While birds who are not initialized with Campylobacter become infected at a slightly later time, the dynamical behavior is very similar across all birds in the flock. Multiple realizations do not display the broader spectrum of behavior observed in the one broiler case (Figure 6). The implication is that housing a greater number of birds causes more homogeneous dynamical behavior, and indeed the wide variety of Campylobacter expression seen in the isolated bird experiments of Achen et al. (1998) is not so commonly observed in experiments with group-housed birds (Van Gerwe et al., 2005).

3.4. Stochastic Model—Five Strains in Multiple Broilers

We extend the previous scenario to investigate dynamics of multiple strains.

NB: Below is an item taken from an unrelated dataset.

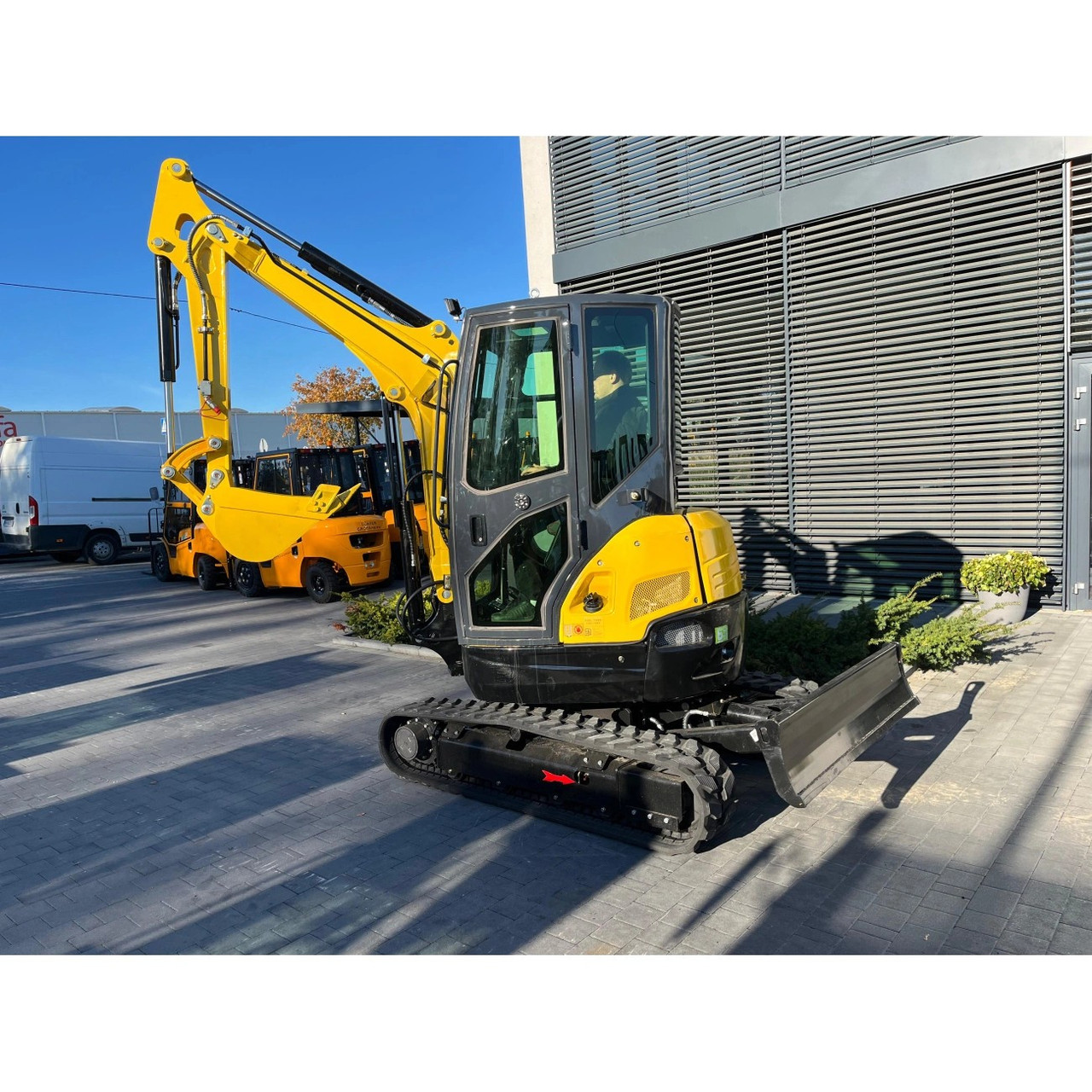 Мініекскаватор Gunter Grossmann GG3500 з поворотною стрілою. Надійний 4-циліндровий дизельний двигун KUBOTA V1505 (Японія), фото 1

Five strains of competing Campylobacter are modeled within the same flock of 400 birds. The same constants are used as in the previous scenario, with each strain having identical rate constants. One key difference is that all broilers are initialized without any Campylobacter, instead an initial amount is present in the environment. Each strain of Campylobacter in the environment is initialized at E1(0) = E2(0) = E3(0) = E4(0) = E5(0) = 100. The results of this simulation are shown in Figure 8.

Figure 8.

Figure 8

Stochastic simulations of multiple Campylobacter strains within multiple broilers. (A–D) The proportion of four different broilers' microbiomes that contain five strains of Campylobacter. All birds are within the same flock. (E) Shows how much of the environment (total size of 200,000) contains the five strains of Campylobacter. These are variables Ej in the model.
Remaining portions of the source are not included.